Outre priver l’Iran de la bombe atomique, qui lui conférerait un statut de « Prusse du Moyen-Orient », selon les propres mots de l’ancien ministre israélien des affaires étrangères Silvan Shalom, il s’agit pour cette union anti-iranienne de briser l’arc chiite qui unit le Hezbollah libanais, le régime baasiste de Damas (contrôlé par les Alaouites, secte proche du chiisme), l’Irak majoritairement chiite et l’Iran. La faille de cet arc est depuis 2011 la Syrie, où se déroule une féroce guerre civile entre rebelles, soutenus par la coalition anti-iranienne, et le régime, épaulé militairement par le Hezbollah et l’Iran.

Or, la guerre civile syrienne est arrivée à un tournant ces derniers mois. Alors qu’Internet rapporte les dernières atrocités commises par les rebelles [2] sur des prisonniers de l’armée régulière, ou sur un enfant ayant blasphémé à l’égard du Prophète Mahomet, ce qui trouble le public occidental, habitué à la présentation louangeuse des insurgés par les médias, les troupes syriennes, aidées par des conseillers russes et des supplétifs iraniens et libanais, reprennent du terrain. Ce qui a poussé les Israéliens à frapper par voie aérienne des entrepôts militaires syriens en mai dernier, et les Américains et Français à fournir des armes aux rebelles, prenant le prétexte de l’utilisation de gaz chimique par le régime.

Ce dernier élément est à souligner : alors que Barack Obama fait jusqu’à présent preuve d’une extrême prudence sur le dossier syrien, la France de François Hollande et Laurent Fabius est ouvertement belliqueuse. Ce dernier n’a pas hésité à réclamer l’inscription du Hezbollah sur la liste des organisations terroristes de l’Union européenne, une déclaration qui ravit dans les salons de Paris et qui réchauffe les cœurs en Israël [3], mais qui place la France (et surtout les soldats français des forces de maintien de la paix) dans une position très difficile au Liban, où le Hezbollah rallie à lui de gré ou de force 50 % de la population.

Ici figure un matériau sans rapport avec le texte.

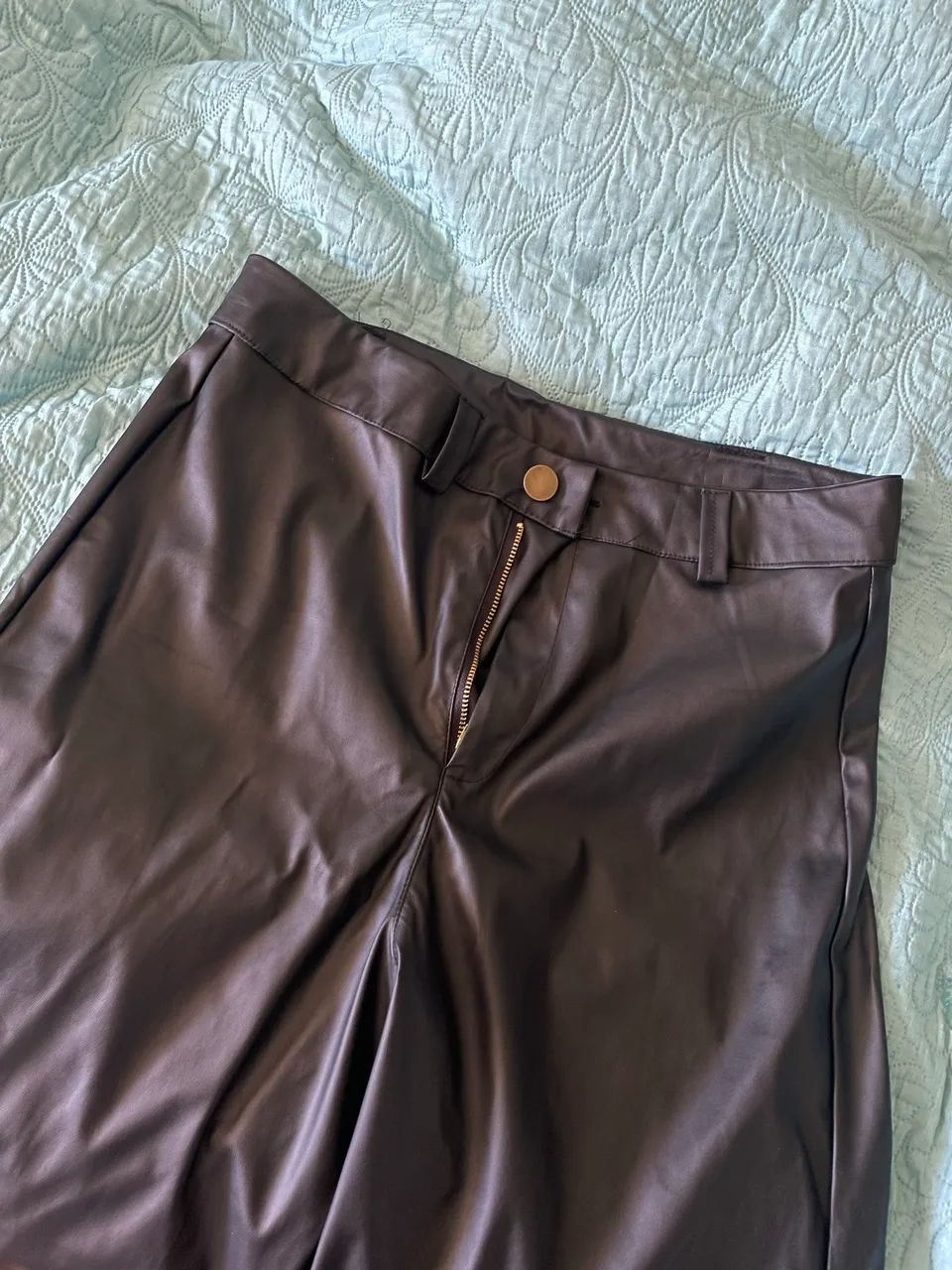 calça de courino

Alors que les militants bobos du Parti socialiste français vibrent avec leurs camarades de la mouvance Mélenchon et leurs keiffieh made in China pour la cause palestinienne (un soutien qui diminue cependant en vigueur dès que l’on grimpe les échelons du PS), le gouvernement de François Hollande est paradoxalement plus pro-israélien que ne l’était celui de Nicolas Sarkozy, pourtant adoubé par 95 % des Franco-Israéliens lors des élections de 2012. Manuel Valls se présente depuis longtemps comme un défenseur de l’Etat d’Israël, et le Premier ministre israélien Benjamin Netanyahou, qui ne supportait pas Nicolas Sarkozy et ses velléités de rapprochement avec la Syrie via les ténébreux réseaux de Claude Guéant, parle ouvertement de François Hollande comme étant un partenaire beaucoup plus fiable dans la perspective d’un conflit avec l’Iran.

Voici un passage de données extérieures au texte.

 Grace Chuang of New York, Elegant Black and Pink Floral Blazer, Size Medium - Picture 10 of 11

Pourtant, l’ancien royaume des Perses, malgré la Révolution de 1979 et le caractère islamique de son régime, recherche toujours les mêmes alliés géostratégiques face aux puissances anglo-saxonnes, Anglais hier et Américains aujourd’hui, et aux sunnites de la région : la Russie et la France. Fournisseur du programme nucléaire iranien au temps du Shah, protecteur de l’ayatollah Khomeneï en exil, renouant avec le régime de Téhéran dès la fin des années 1980, Paris jouit de relations anciennes avec l’Iran, qui pourrait constituer un atout considérable à l’avenir. A voir les choix politiques récents, le plus souvent inféodés aux décisions américaines, la confrontation semble avoir été préférée à cet atout.


[1Ancien ministre des affaires étrangères et Premier ministre : lui aussi un homme d’appareil, et non un chevalier blanc comme cela fut dit et écrit à l’époque.

[2Rebelles très majoritairement sunnites, donc anti-chiites et anti-alaouites, et noyautés par les groupes islamistes financés par les monarchies pétrolières du Golfe, le Qatar au premier rang.

[3De passage dans l’Etat hébreu au mois de mai, Nicolas Sarkozy ne s’y est pas trompé en réclamant la même chose. Il s’était toutefois bien gardé de le faire quand il était aux affaires.